Python is a notoriously slow language, so why is it widely used by scientists and machine learning experts? In a numerically heavy task, an interpreted, dynamically typed environment can be thousands of times slower than a compiled, statically typed one, which can make the difference between minutes and days or between coarse models on small datasets and fine-grained models on large datasets. The trick is to drive compiled functions from the interpreted commandline, like R, and to frame your problem in array programming primitives, like Matlab, but in a general-purpose programming language with hundreds of thousands of extensions to glue to every conceivable interface.
In this workshop, we will examine the numerical processing ecosystem that has grown up around Python. The key library in this ecosystem is Numpy, which enables fast array programming, and Pandas, a convenient wrapper for organizing data. We will visualize data in and out of JupyterLab, a notebook front-end for exploratory analysis. We'll also work through examples of binding from C++ to Python with pybind11 and from Python to C++ with Cython, which have different strengths and use-cases. We'll also natively compile Python (C++ speeds without C++) using Numba and run code on GPUs with Numba (Python-like), CuPy (Numpy-like), and PyCUDA/PyOpenCL (raw CUDA/OpenCL).
Participants will be encouraged to bring a laptop or log into their favorite cluster to install the software we discuss here for later use. We will use conda and pip-in-conda, so superuser ("sudo") permissions are not required.
Jim Pivarski received his Ph.D. in high-energy particle physics from Cornell in 2006. He helped to commission the CMS experiment at the LHC and later switched to data science as a Big Data consultant.
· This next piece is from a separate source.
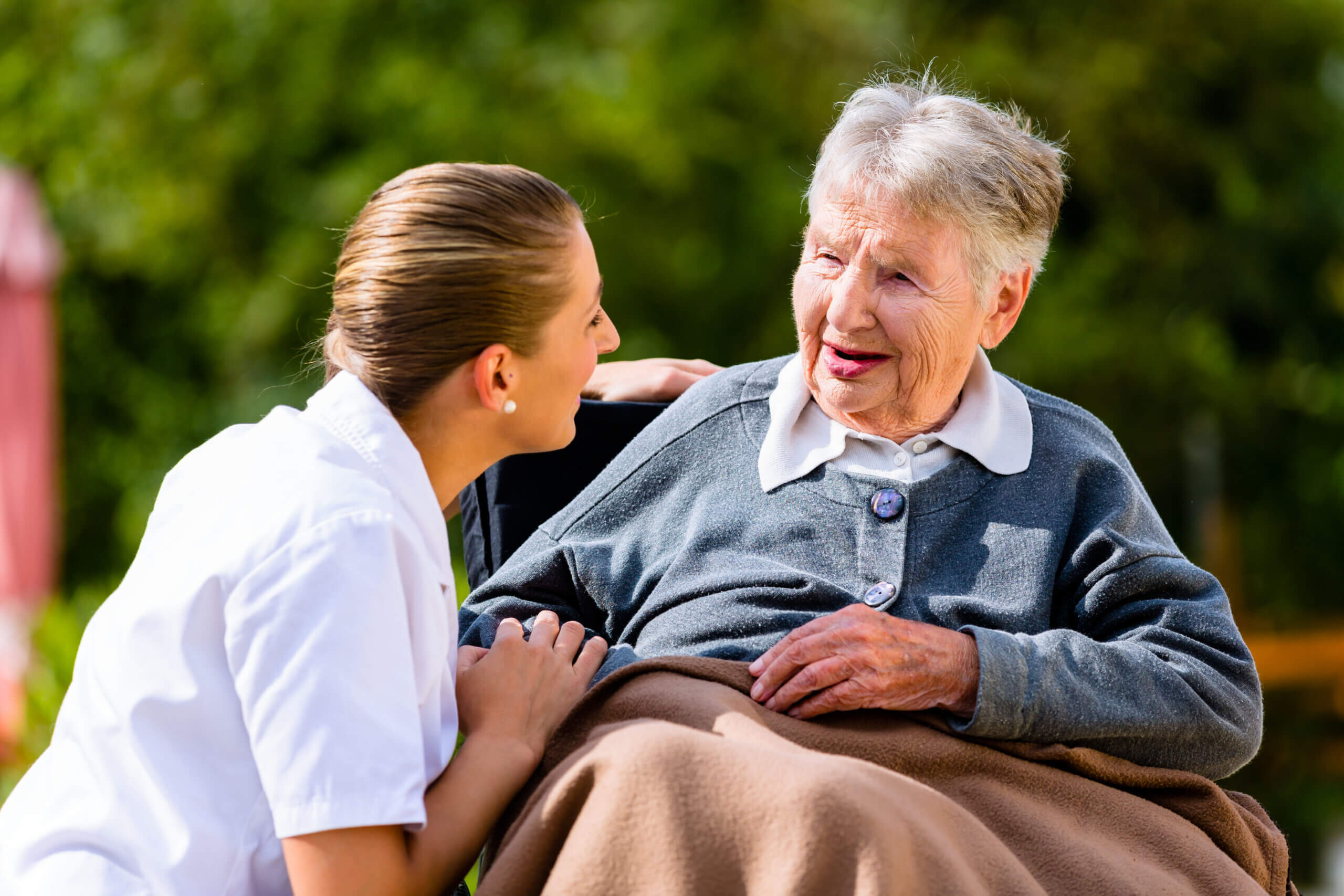 nursing programs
He is now back in physics, integrating computing techniques learned from industry into high-energy physics analysis.
General intention; we'll vary from this if there's good reason to do so.
(1) Check out this repository:
git clone https://github.com/jpivarski/python-numpy-mini-course.git
(2) Install Anaconda or Miniconda for Python 3. Using that, install Jupyter (Lab or Notebook; I prefer Lab):
conda install jupyterlab
Change directories into the repository and start Jupyter Lab or Notebook:
cd python-numpy-mini-course
jupyter lab # or notebook
Installations for the sessions are given at the top of each notebook, but if you want to install everything at once, instructions are collected below. Most of these are already bundled in the full Anaconda distribution.
conda install numpy # 2-just-numpy
conda install pandas matplotlib # 4-pandas
conda install dask distrubted -c conda-forge # 5-dask
conda install numba cython # 6-compilers
Don't bother installing softare for the GPU session if you don't have an NVidia GPU with the CUDA development kit installed.
conda install cupy cudatoolkit # 7-gpu
export CFLAGS=-fpermissive
pip install --no-cache-dir pycuda
(3) General Python programming skills will be assumed (ability to read or write a page-long script without difficulty). Walk through an online tutorial if you need to brush up before the course.
Knowedge of the libraries presented here will not be assumed. Come and learn!
You'll get the most out of the course if you follow along in the blank notebooks in the master branch of this repository. However, if you're returning to look up a result, pre-evaluated copies of all the notebooks can be found on the evaluated branch of this repository.